In any case, we actually do appear to be reaching the end of Moore’s Law by continuously shrinking process geometries.
And now the main ramble…
What follows is utter speculation…
Are there ways to keep going with scaling? Perhaps 3D chip technologies can help but these, when used for logic, are tremendously limited by power dissipation (without a process shrink, 50% more transistors ~= 50% power). Other highly speculative techniques maybe produce non-CMOS-based logics.
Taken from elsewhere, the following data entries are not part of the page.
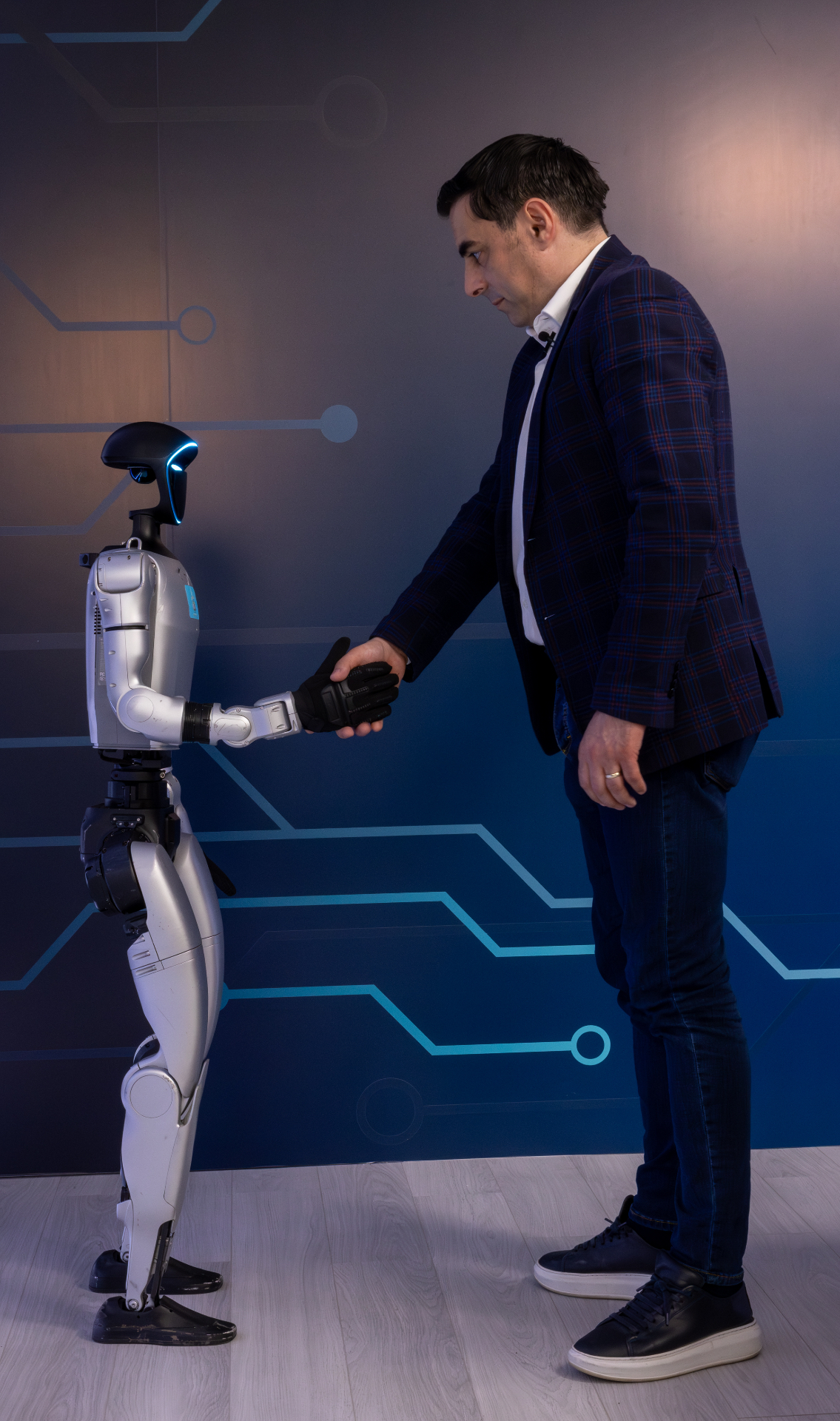 Cristian Lăcraru shaking hands with a humanoid educational robot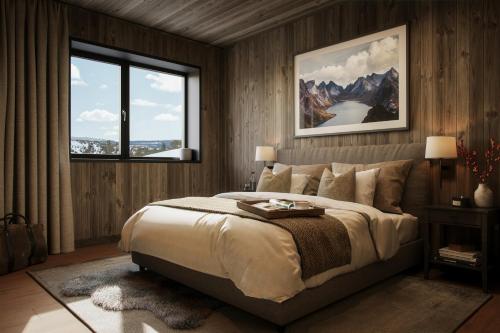 a bedroom with a large bed and a large window at Pellestova Hotell Hafjell in Hafjell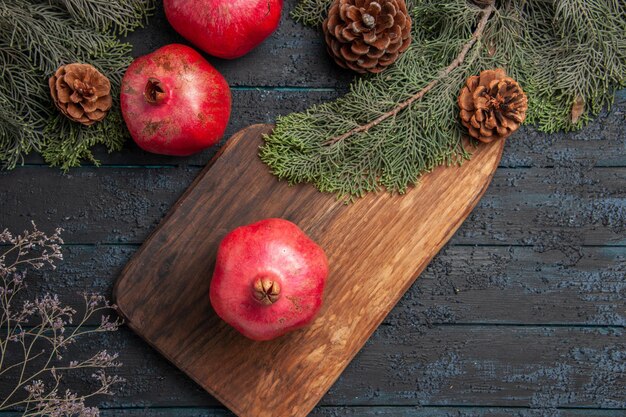 Top close-up weergave takken en granaatappels smakelijke granaatappel op keukenbord naast twee granaatappels en vuren takken met kegels op grijze tafel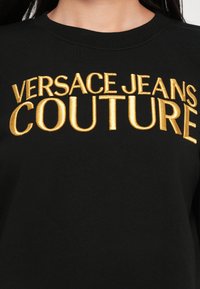 Čierna mikina s veľkým zlatým vyšívaním "VERSACE JEANS COUTURE" cez hruď, s okrúhlym výstrihom a rebrovanou textúrou.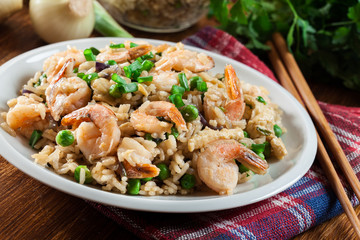 Fried rice with shrimp and vegetables served on a plate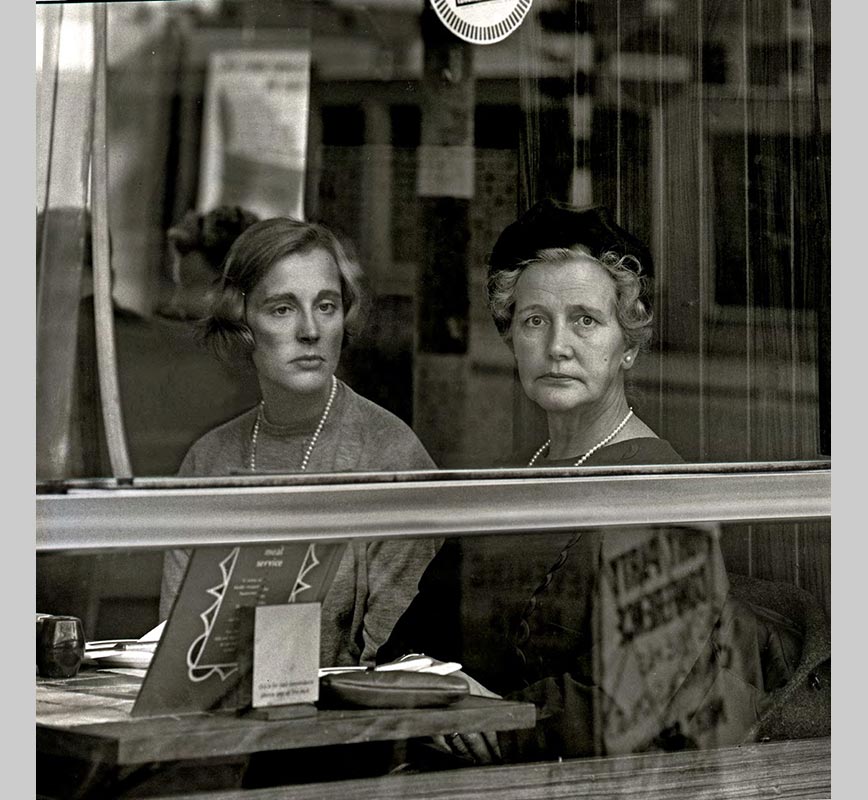 Black and white photograph of two British ladies seen through a window in London. Limited edition print. Title: Untitled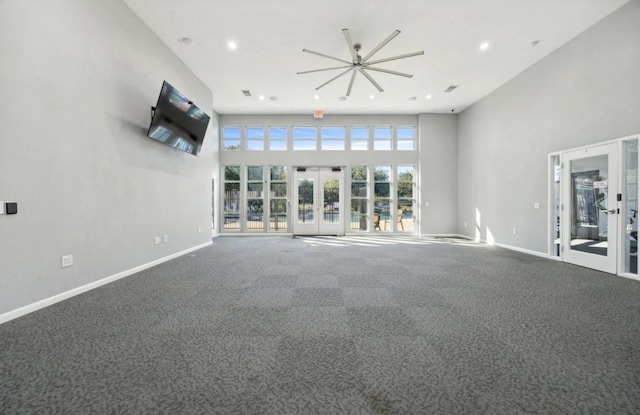 2725 Albatross Ln, Fort Worth, TX 76177 - unfurnished living room featuring ceiling fan, carpet floors, recessed lighting, french doors, and a high ceiling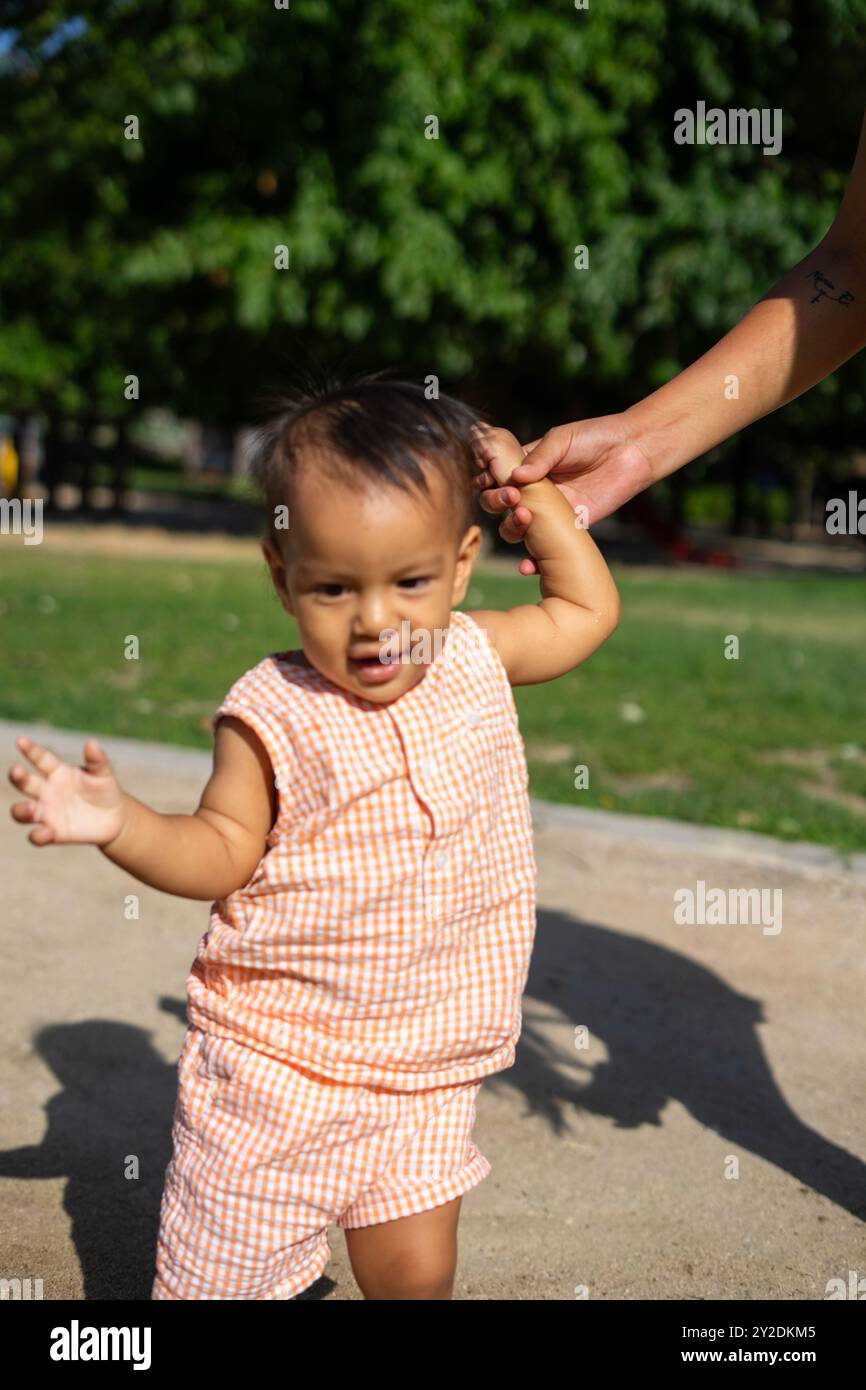 Die 1-jährige Latina macht ihre ersten Schritte in einem Park im Freien Stockfoto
One area that hasn’t received much attention is utilization (at least w.r.t. scaling). The hyperscalers are certainly paying attention to this factor but a significant (vast?) majority of the processors/co-processors sold worldwide run at very low utilization. Your mobile phone is powered down as much as possible (even if the screen is on); your laptop constantly cycles its clock frequency down in order to reduce power draw (and to avoid spinning the fan (more power)). So, around the world, huge amounts of processing power are sitting idle (on our phones, laptops, TVs and desks).
So what happens if we leave as little functionality on a phone or laptop as possible and leave the “computing” to the hyperscalers? We’re back to the good old days of thin-clients and thick-servers (sorta like “big iron” but more like heaps of “iron dust”). Assuming 75% of the world’s compute power is nearly un-utilized (~2.5%) and 25% is heavily utilized (I’ve heard from hyperscalers that 33% utilization is a good average for hyperscalers), then we’re at about 8% utilization for global compute. If “user” compute power (laptop, phone, etc) is constant (which it kinda is…) but demand for global compute continues rising, then hyperscalers have a significant incentive to increase utilization because additional compute is demanded and improved utilization has roughly no marginal cost (who doesn’t like free money?).
If the above obtains and compute deployment shifts and utilization improves, we might wind up with 25% of the world’s compute underutilized @ 10% and 75% of the world’s compute more heavily utilized @ 50%. Then global compute utilization would sit at roughly (0.25*10% + 0.75*50%) 40%. If this shift were achieved over 3-5 years, that would represent a 7-12% annual increase in free compute improvements with no process improvements. Certainly not Moore’s Law’s ~45% increase and the improvement isn’t that visible to users but, hey!, free faster-compute is still a good thing.
 These notes on the end of Dennard Scaling are probably 75% accurate (it’s more complicated; some bit kept scaling; etc.) but that doesn’t really matter for this post; Dennard scaling is dead or greatly slowed.